Carmiña manosea el filo de la navaja y convierte el enfado en magia de chirlo por arte de birlibirloque. No se demora en cubrir la escasa distancia que le separa del lugar donde el patrón reposa con placidez de gazapo. Avanza sulfurada por la explotación del sudor de las mineras, pero consigue apaciguarse en parte al imaginar la calma de Pedro aún dormido en su lecho de impedido. Fantasea con él a marchas forzadas en el fuero interno y los picos de la galería se le amontonan, entre rincones de polvo y cascajo, en el dédalo de la mente. Hace mucho tiempo, en una tarde de confianza agosteña, su padre le aconsejó que se fuera a Barcelona porque las minas de Puras eran más falsas que las abundantes víboras de los bancales de la sierra de la Demanda. Era una máxima modelada por la experiencia de cuatro décadas ofrecidas a los testeros y a las chimeneas, y Carmiña recuerda las palabras que en aquel momento no entendió del todo. No obstante, el cataplum de la realidad prima y enseguida el coche del patrón aparece aparcado a la vera de una barda. Ningún matón descuella en la paz del contorno y la luz primigenia del sol remolonea en concubinato con la impavidez de las higueras silvestres. Piensa en llamar a la puerta y regalar a los amantes un susto feroz sin más consecuencias, pero al cabo cierra el puño sobre las cachas de la navaja abierta. Se cuela con maña zorruna por una ventana entornada que procura algo de frescor a la casa y evalúa cómo la penumbra, alojada en un pasillo largo como un día sin pan, siluetea dos sofás que yacen vacíos en un salón de empaque inaudito para la austeridad de una minera. Entonces, en un periquete de derrumbamiento, se planta en el dormitorio.

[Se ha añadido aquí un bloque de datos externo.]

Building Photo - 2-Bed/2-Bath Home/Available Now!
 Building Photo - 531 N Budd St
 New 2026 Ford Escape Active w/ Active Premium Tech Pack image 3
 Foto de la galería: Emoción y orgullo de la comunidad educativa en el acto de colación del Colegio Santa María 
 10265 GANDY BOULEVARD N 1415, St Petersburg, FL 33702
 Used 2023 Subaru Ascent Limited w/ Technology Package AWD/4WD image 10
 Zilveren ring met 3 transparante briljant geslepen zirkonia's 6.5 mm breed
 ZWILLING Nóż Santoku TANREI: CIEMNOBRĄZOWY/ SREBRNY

Eh, patrón, cabrón, y la sorpresa resbala estupefacta por el tono aciago de los chillidos, la cadencia de las cuchilladas atarantada, la pareja trucidada con frenesí de grisú.

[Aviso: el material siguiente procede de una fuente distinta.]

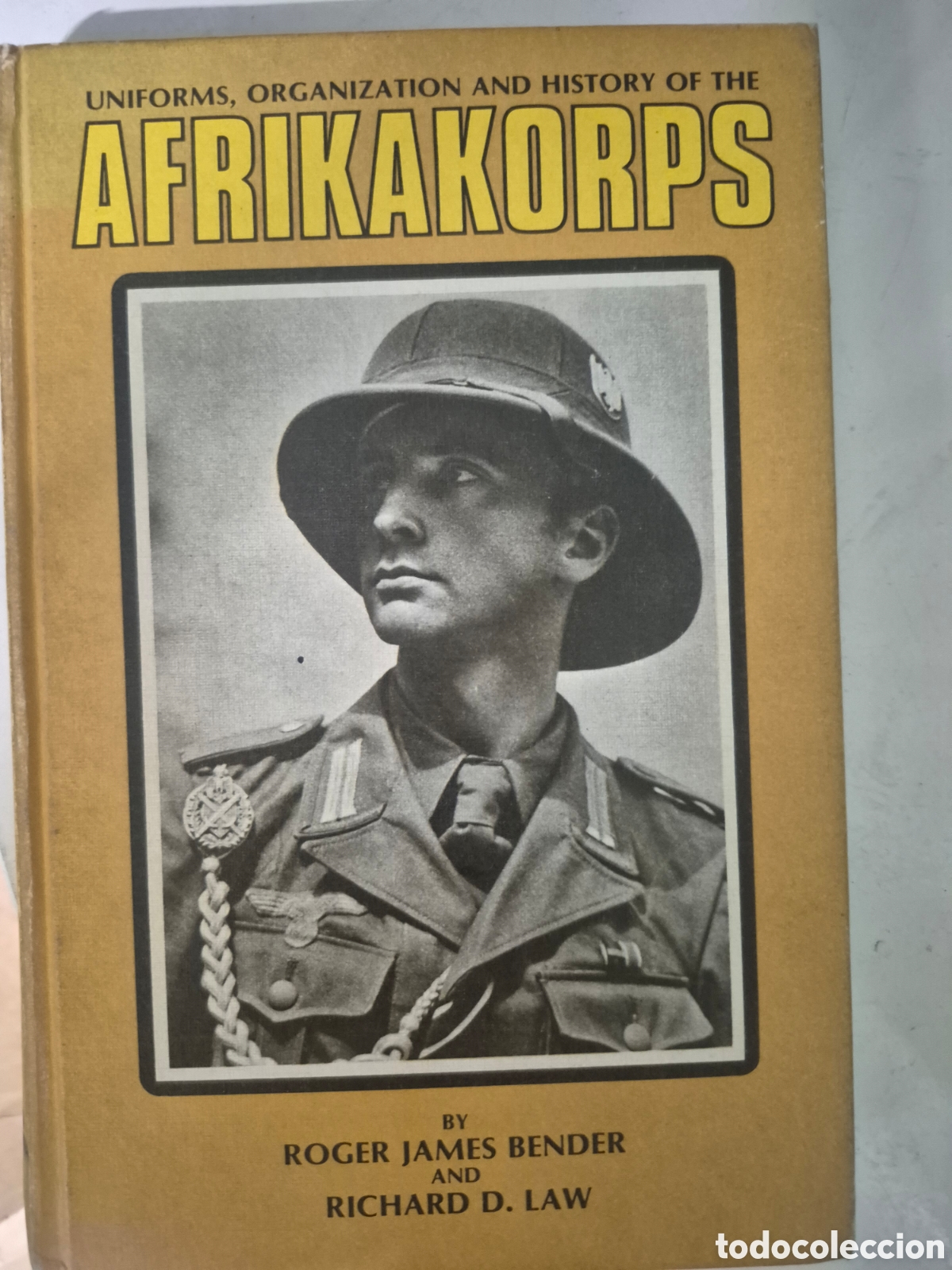 Libros de segunda mano: Afrikakorps. Uniforms, organization &history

Carmiña huye sin mirar hacia atrás, por el camino por el que ha venido, y los latidos del corazón se atropellan roídos por el ratón de la crueldad empleada en el crimen. El resentimiento, empotrado de repente en el compás del resuello, y la amenaza de la pena de muerte le preñan el espinazo de chica honrada de vaticinios agoreros. Con una vergüenza supina encastrada en las grietas de la desazón, imagina los ojos de cordero degollado de Pedro visitándola, antes de la inexorable ejecución, en la cárcel de la capital burgalesa. En ese instante, extrañando el refugio de la galería y el sigilo atronador de la soledumbre, se para en medio de la trocha y, en vez de regresar a la casa paterna, se dirige a la mina. Allí observa cómo el asueto dominical reina en la aridez de las instalaciones. El vigilante huelga todavía bajo las cobijas de la choza donde malvive y las montañas de mineral resplandecen impertérritas junto a los despojos de la última desgracia. Admira luego un águila perdicera que se mantiene disecada en la invulnerabilidad cerúlea del cielo y, con el alma desnortada, envidia la libertad inconmensurable del pájaro. Ni siquiera bebe agua de la fuente que mitiga la sed de las mineras cuando surgen de las entrañas de la tierra con la garganta convertida en un secarral de tomo y lomo. Colonizada por el esperpento de la confusión, visualiza la inminente aflicción de sus allegados, engordada por la previsible chismografía del pueblo, y se extravía definitivamente en el páramo de la desolación.
Adiós, Pedro, y Carmiña penetra en el cuadrado hosco de la bocamina en busca del remedio de la purificación, las paredes tanteadas a ciegas, la zozobra de los nervios apareada con el gran silencio subterráneo de la mina Victoria.